Tracking C++ Code Smells: Database Approach

Static analysis is not only about directly finding bugs, but also about finding bug-prone situations that can decrease code understanding and maintainability. Static analysis can handle many other properties of the code:

  • Code metrics: for example, methods with too many loops, if, else, switch, case… end up being non-understandable, hence non-maintainable. Counting these through the code metric Cyclomatic Complexity is a great way to assess when a method becomes too complex.
  • Dependencies: if the classes of your program are entangled, effects of any changes in the code becomes unpredictable. Static analysis can help to assess when classes and components are entangled.
  • Immutability: types that are used concurrently by several threads should be immutable, else you’ll have to protect state read/write access with complex lock strategies that will end up being un-maintainable. Static analysis can make sure that some classes remain immutable.
  • Dead code: dead code is code that can be removed safely, because it is not invoked anymore at runtime. Not only can it be removed, but it must be removed, because this extra code add unnecessary complexity to the program. Static analysis can find most of dead code in your program (yet not all).
  • API breaking change: if you present an API to your client, it is very easy to remove a public member without noticing and thus, breaking your clients code. Static analysis can compare two states of a program and can warn about this pitfall.
  • API usage: some APIs are intended to be used carefully. For example, a class that hold disposable fields must be itself disposable in general, except when the disposable field lifetime is not aligned with the class instances lifetime, which then sounds like a design problem.

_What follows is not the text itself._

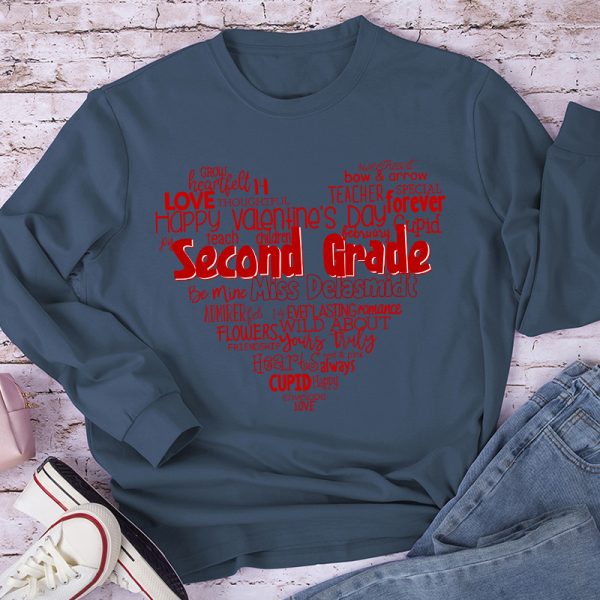 Personalized Teacher's Valentine's Day Teacher Long Sleeve T-Shirt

Code smell can be also considered as a bug-prone situation, here’s it’s definition from wikipedia:

In computer programming, code smell, (or bad smell) is any symptom in the source code of a program that possibly indicates a deeper problem. According to Martin Fowler, "a code smell is a surface indication that usually corresponds to a deeper problem in the system". Another way to look at smells is with respect to principles and quality: "smells are certain structures in the code that indicate violation of fundamental design principles and negatively impact design quality". Code smells are usually not bugs—they are not technically incorrect and do not currently prevent the program from functioning. Instead, they indicate weaknesses in design that may be slowing down development or increasing the risk of bugs or failures in the future. Bad code smells can be an indicator of factors that contribute to technical debt. Robert C. Martin calls a list of code smells a "value system" for software craftsmanship.

Many interesting tools exist to detect bugs in your C++ code base  like cppcheck, clang-tidy and visual studio analyzer. But what about the detection of the bug-prone situations?

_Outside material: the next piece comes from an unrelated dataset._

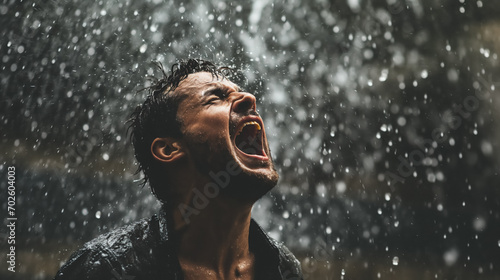Man screaming in the pouring rain. #702604003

If the static analysis tools creators could decide which situations are considered as bugs, it’s not the case of the code smells cases which depends on the development team choices. For example a team could consider that a method with more than  20 lines is complex, another team could define the max to 30. If a tool provides the detection of the code smells , it must provides also the possibility to customize it.

Code as Data is the better way to detect the code smells

Static analysis is the idea of analyzing source code  for various properties and reporting on those properties, but it’s also, philosophically, the idea of treating code as data.  This is deeply weird to us as application developers, since we’re very much used to thinking of source code as instructions, procedures, and algorithms.  But it’s also deeply powerful.

After the source code analysis of a source file, we can extract its AST and generate a model containing  many interesting data  about the code. This way we can query it using a code query language similar to SQL.

CppDepend provides a code query language named CQLinq to query the code base like a database. Developers, designers and architects could define their custom queries to find easily the bug-prone situations.

With CQlinq we can  combine the data from the code metrics, dependencies, API usage and other model data to  define very advanced queries that match some bug-prone situations.

Here’s an example  of a CQLinq query that matches the most complex methods:




It’s better to combine many C++ tools to detect some problems in your C++ code base, some tools detect bugs, some others detect also the bug-prone situations .With CppDepend we try to combine between many tools, indeed we provides an easy way to define your queries, but also we can import  the result from other static analysis tools to query them with CQLinq.